In 1991 beslist de toen 67-jarige Roger De Clerck zijn textielimperium te verdelen onder zijn zes kinderen. Het overlijden van zijn echtgenote speelde daarbij een niet onbelangrijke rol. De oudste zoon Jan krijgt de Domogroep, Luc de Berry-groep, Francis Idealtuft, Ann Beaulieu Kruishoutem en Dominiek Beaulieu Wielsbeke. Dochter Mieke, getrouwd met Carl Bouckaert, verwerft Beaulieu of America. Elk van de zes afgesplitste dochterbedrijven was op zichzelf economisch levensvatbaar. Beaulieu of America, dat op dat moment goed was voor de helft van de omzet, ontpopt zich in de VS als sponsor van de republikeinse partij. Het is dan ook geen toeval dat de gewezen republikeinse president George Bush senior te gast is op het feest voor de 75ste verjaardag van Roger in
Wielsbeke. Ook Michail Gorbatsjov en Margaret Thatcher zijn er. Meteen is het feest daarmee wereldnieuws. De overgang van het textielimperium Beaulieu naar de kinderen van Roger De Clerck
verloopt allesbehalve rimpelloos. Jan De Clerck, de oudste zoon, wordt opgepakt door het gerecht en verdwijnt samen met zijn echtgenote enkele dagen in de cel. Hij zal daarop een akkoord sluiten met de fiscus, een boete betalen en zich feitelijk afkeren van zijn familie. Wanneer hij uit de cel komt, wordt hij opgewacht door zijn vader die hem de huid vol scheldt. Jan De Clerck gaat alleen verder en bouwt de textieltak Domo uit tot een eigen multinational. Dat alles gebeurt in de schaduw van de zogenaamde “cel 42”, een groep experten bij de toenmalige rijkswacht die zich specifiek toelegt op het dossier van de familie De Clerck. De Cel 42 zal 2 miljoen pagina’s documenten naar boven brengen maar tot een echte rechtszaak zal het als gevolg van de verjaringstermijnen uitgelokt door de advocaten van de familie nooit komen.
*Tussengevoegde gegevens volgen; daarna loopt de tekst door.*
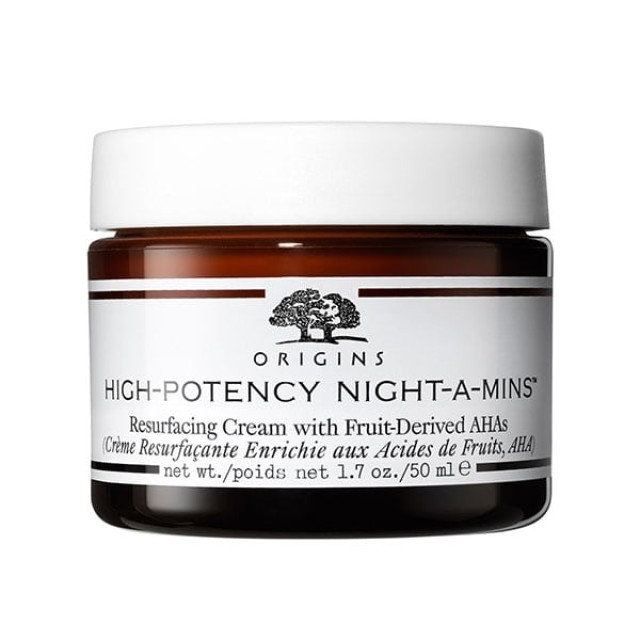 Origins High-Potency Night-A-Mins Resurfacing Cream With Fruit-Derived Aha’S Πλούσια Κρέμα Νύχτας Αναδόμησης & Αποτοξίνωσης, 50ml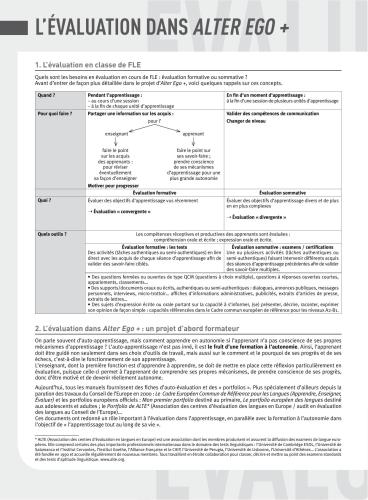 Alter Ego + 2. Tests (avec corrigés)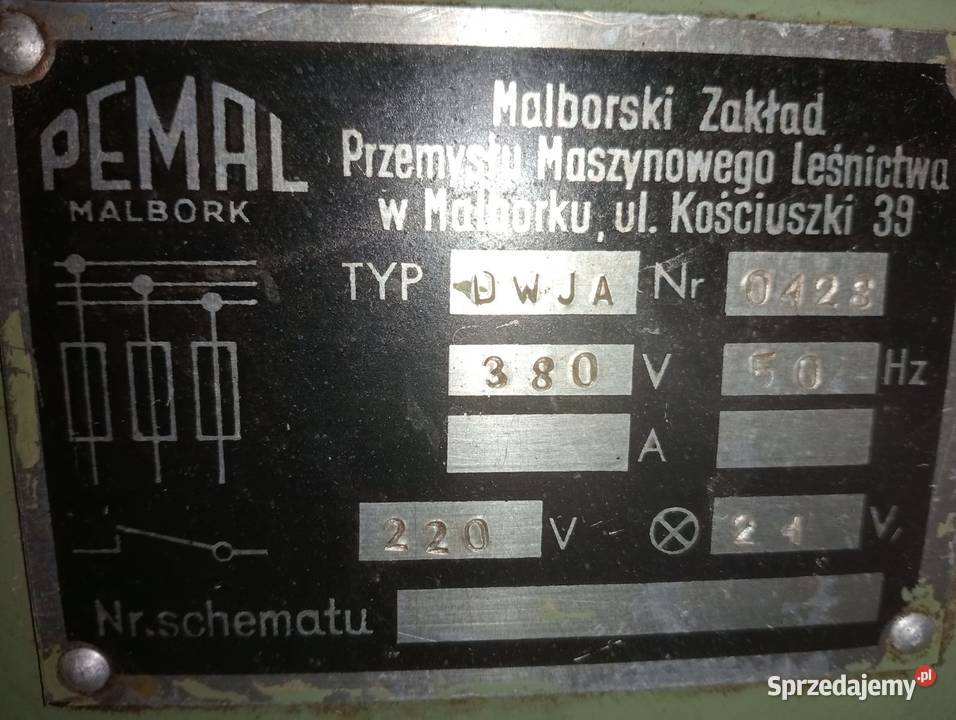 Wiertarka oscylacyjna PEMAL Wejherowo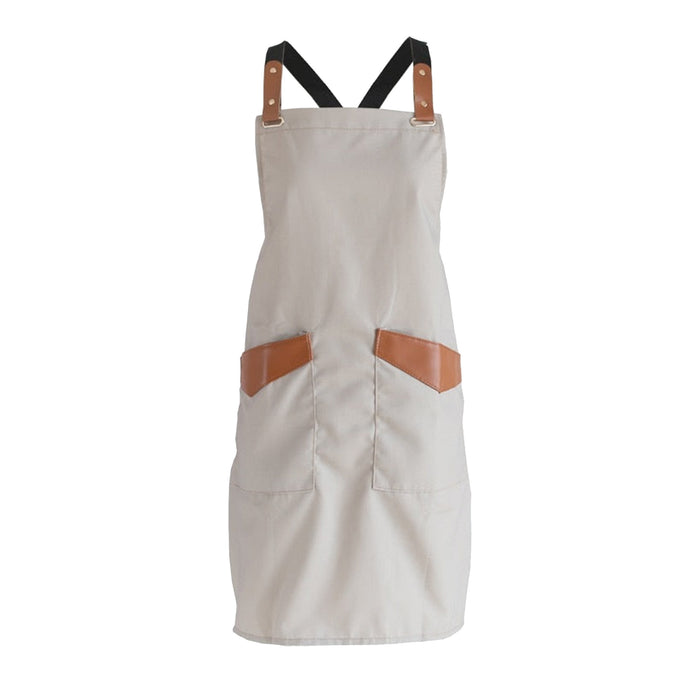 Neutral Color Apron With Pockets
Dominiek De Clerck volgt zijn oudste broer en treft in 2012 een minnelijke schikking van 25 miljoen euro met de fiscus. De rest van de familie lijkt het niet eens te geraken over de juridische kwalificaties van de schikking. Niet alleen drijft de schikking de familie uiteen, ze legt ook een hypotheek op de verdeling van het imperium van boer De Clerck. En dit nog voor zijn dood. Dominiek De Clerck voelde zich benadeeld bij de verdeling in 1991. Hij wenst een herverdeling en wil dit zelfs juridisch afdwingen. In 2009 dienen Jan en Dominiek De Clerck een strafklacht in tegen hun familieleden, omdat die Beaulieu-aandelen onder elkaar verdeelden zonder hun twee broers te kennen. De belaagde familieleden riskeren de verbeurdverklaring van een belangrijk aandelenpakket in de Beaulieugroep en meteen celstraffen voor witwassen. Om daaraan te ontsnappen zoeken ze nu een oplossing via een betaling van een minnelijke schikking binnen de zogenaamde ‘afkoopwet’. Die schikking komt er in 2016. De familie betaalt 112 miljoen euro belastingen. Jan De Clerck en zijn jongste broer Dominiek blijven buiten de regeling. Mieke De Clerck is ondertussen gescheiden en keert zich af van het bedrijf. Beaulieu of America gaat failliet. In 2021 keert het bedrijf Beaulieu een record dividend uit van 400 miljoen euro. Dat dividend werd uitbetaald aan vier takken van de familie: Francis De Clerck, Luc De Clerck, An De Clerck (gehuwd met Stefan Colle) en Dominiek De Clerck. Dat is meteen het sluitstuk van het fiscaal dispuut dat de familie decennia lang
heeft achtervolgd. De familie De Clerck bereikte daarover een akkoord met de fiscus waarvan geen financiële details zijn bekend gemaakt. Het hier vermelde vermogen heeft
dan ook enkel betrekking op Francis De Clerck, Luc De Clerck en het echtpaar An De Clerck en Stefan Colle. Jan De Clerck staat op zichzelf met een vermogen van 875 miljoen euro.